Integer combinations of two irrational numbers equal to an integer Let $x,y$ be two irrational numbers in $(0,1)$ with the property that for some non-zero integers $a,b,c$ we have $ax+by=c$. I have a general question and a more specific related question. 
The general question is: what can we say about the set of all integers $c$ that can be written this way as an integer combination of $x$ and $y$? In particular must there be many such $c$ if we know that there is in particular one non-zero such $c$, or can it happen (for some $x,y$) that such a $c$ is unique?

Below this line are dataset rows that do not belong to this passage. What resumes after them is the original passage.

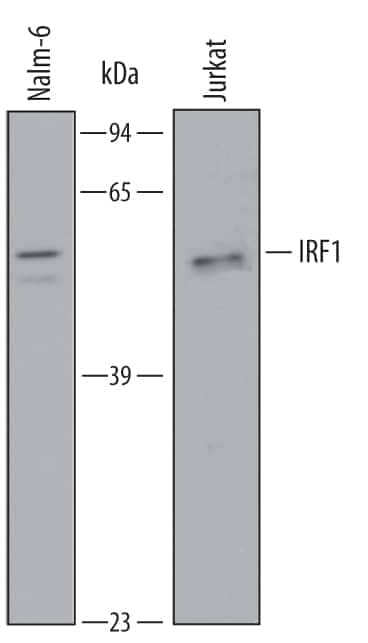 Western blot shows lysates of Nalm-6 human Pre-B acute lymphocytic leukemia cell line and Jurkat human acute T cell leukemia cell line. PVDF Membrane was probed with 1 µg/mL of Human IRF1 Antigen Affinity-purified Polyclonal Antibody (Catalog # AF4830) followed by HRP-conjugated Anti-Goat IgG Secondary Antibody (Catalog # HAF019). A specific band was detected for IRF1 at approximately 48 kDa (as indicated). This experiment was conducted under reducing conditions and using Immunoblot Buffer Group 9.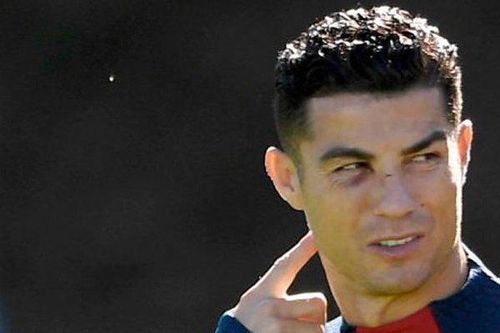 Mắt Ronaldo thâm 1 bên trong buổi tập mới nhất của Bồ Đào Nha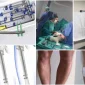 Bacak Uzatma Ameliyatı Maliyeti -Leg Lengthening Surgery Cost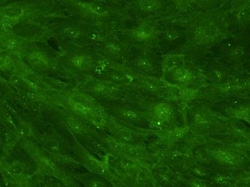 CD47 Antibody (B6H12.2) - Azide and BSA Free, Novus Biologicals:Antibodies:Primary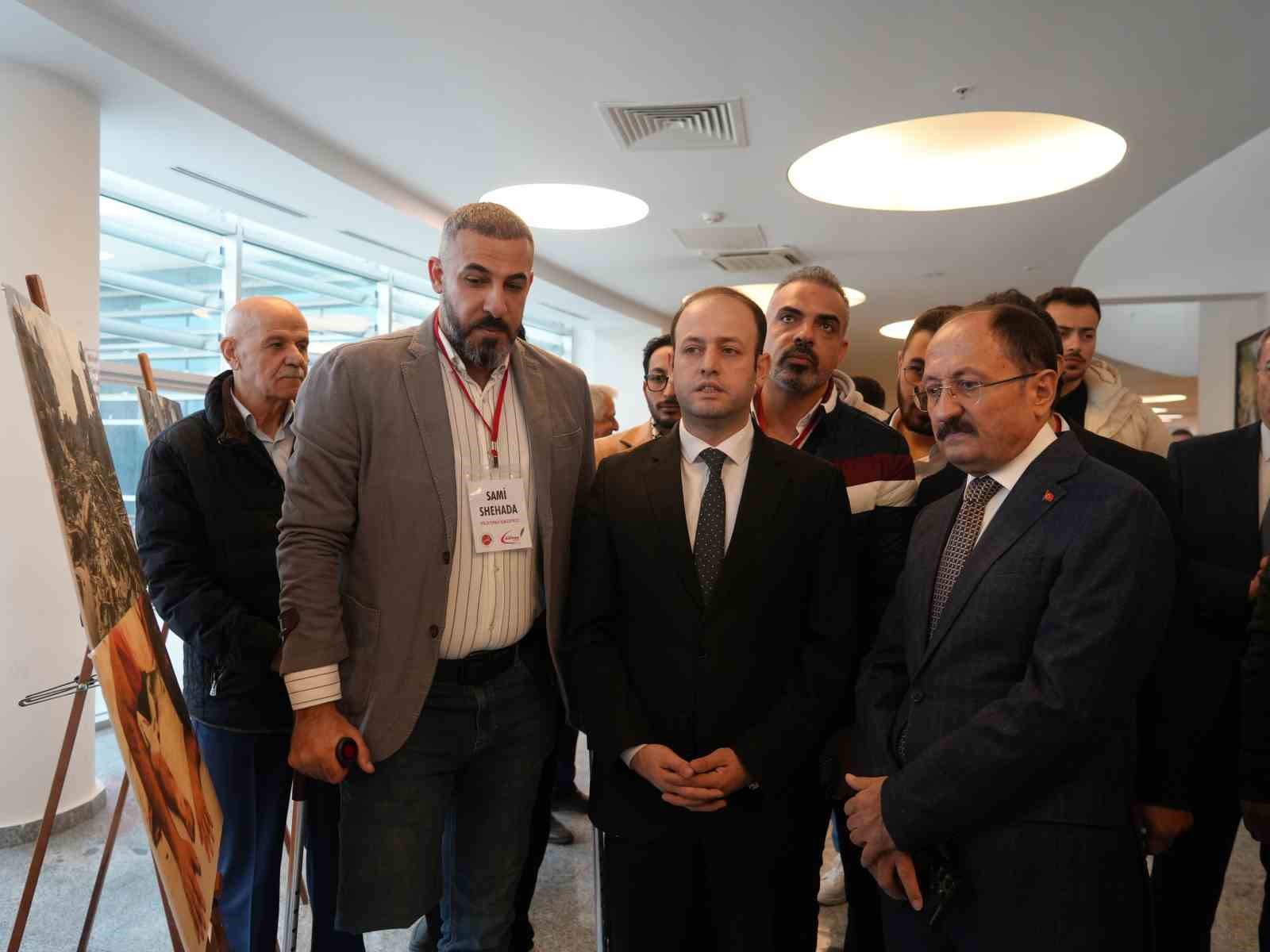 İsrail saldırısında bir bacağını kaybeden Filistinli gazeteci, Gazze’deki zulmü anlattı 12 israil saldirisinda bir bacagini kaybeden filistinli gazeteci gazzedeki zulmu anlatti 8 tMSPwdYY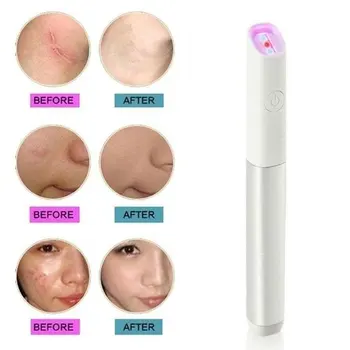 

Wholesale Red Blu-ray Acne Laser Pen phototherapy acne Advice Soft Scar Remove Light Therapy Pen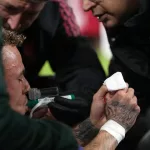 Un jugador del Galatasaray sufrió una escalofriante lesión ante el Liverpool que casi le cuesta el dedo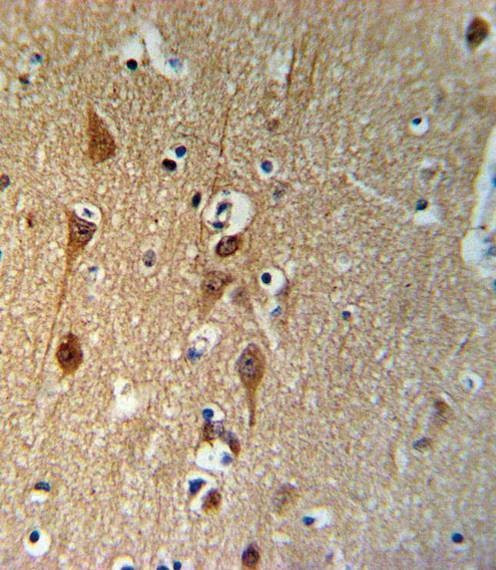 Anti-SMAD3-S208 Antibody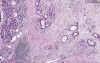 Adenocarcinoma - Histopathology of pancreas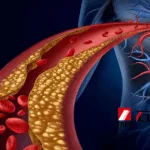 CSPC Pharmaceutical Group Gains NMPA Approval for SYH2068 siRNA Clinical Trials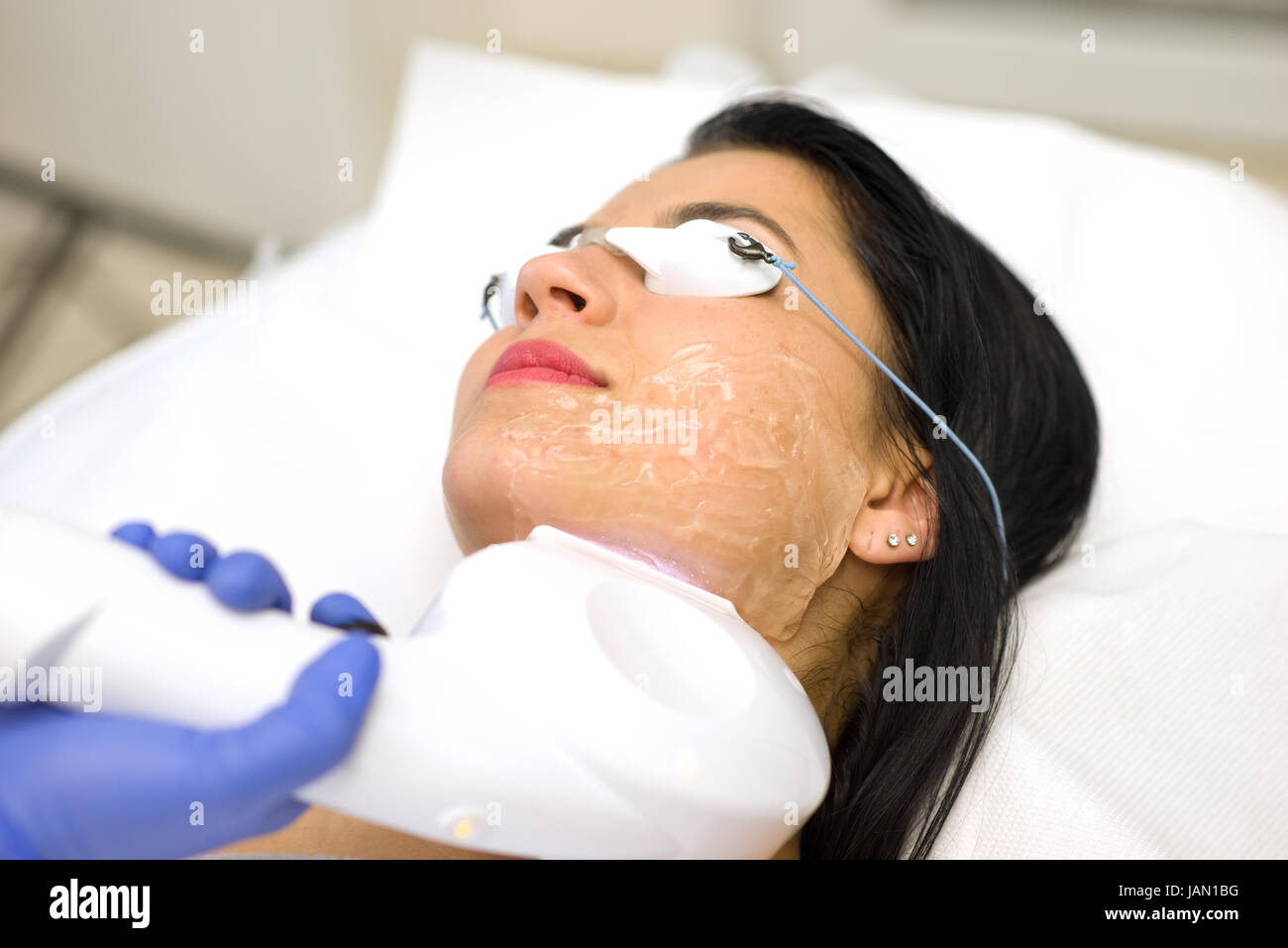 Belle jeune femme allongée sur une table avec des lunettes de protection sur les yeux l'obtention d'un traitement au laser Banque D'Images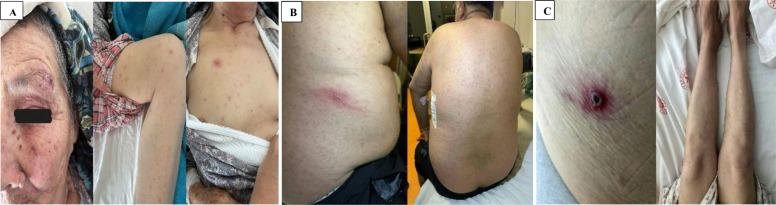 Rickettsiosis cases presenting with rash: a case series from an endemic region in Turkey.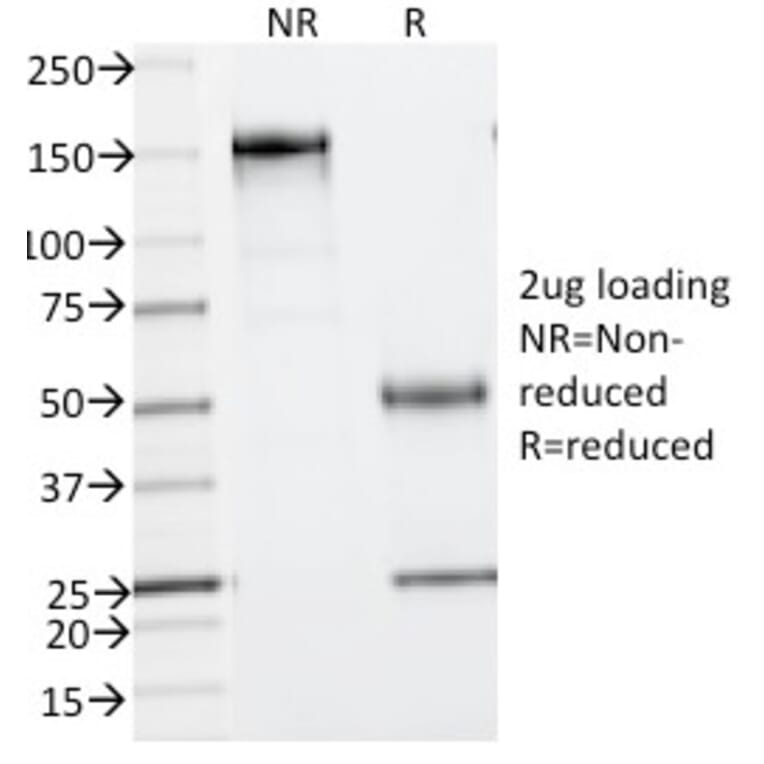 SDS-PAGE - Anti-Phosphotyrosine Antibody [PY793] - BSA and Azide free (A254115) - Antibodies.com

The more specific question is: if there is one such combination $ax+by=c$, must there also exist a combination $a'x+b'y=c'$ where $a',b',c'$ are still non-zero integers and in addition $a',b'$ are coprime?
 A: Any given integer $c$ can be represented that way. Take $x=\frac{\pi}{4}=0.785...$, $y=1-\frac{\pi}{4}=0.214...$, $a=b=c$, then $ax+by=c$.
For fixed $x,y\in(0,1)$ irrational let $a,b,c$ non zero integers such that $ax+by=c$. For any integer k you then have $(ka)x+(kb)y=kc$, so the $a,b,c$ are not unique. 
Assume for certain irrational $x,y$ we have $2x+2y=1$, i.e. $x+y=\frac{1}{2}$ (take e.g. $x=\frac{\pi}{8},y=\frac{1}{2}-x$, then $x,y\in(0,1)$). We need to show that for any coprime non zero $a,b$ that $ax+by$ is no integer. Assume there would be such a non zero integer $c$ with $ax+by=c$, then $y=\frac{c-ax}{b}$, plugging that into our formula above and multiplying by $b$ gives $$b=2xb+2c-2ax=2x(b-a)+2c.$$ $a=b=1$ cannot holds since that would imply $c = \frac{1}{2}$. Similary $a=b=-1$ would imply $c=-\frac{1}{2}$. $-1\neq a=b\neq 1$ cannot be since $a$ and $b$ are coprime. So we have $b-a\neq 0$, hence $$x=\frac{b-2c}{2(b-a)}$$ which is a contradiction to $x$ being irrational. So there exists no $a,b,c$ non zero integer with $ax+by=c$.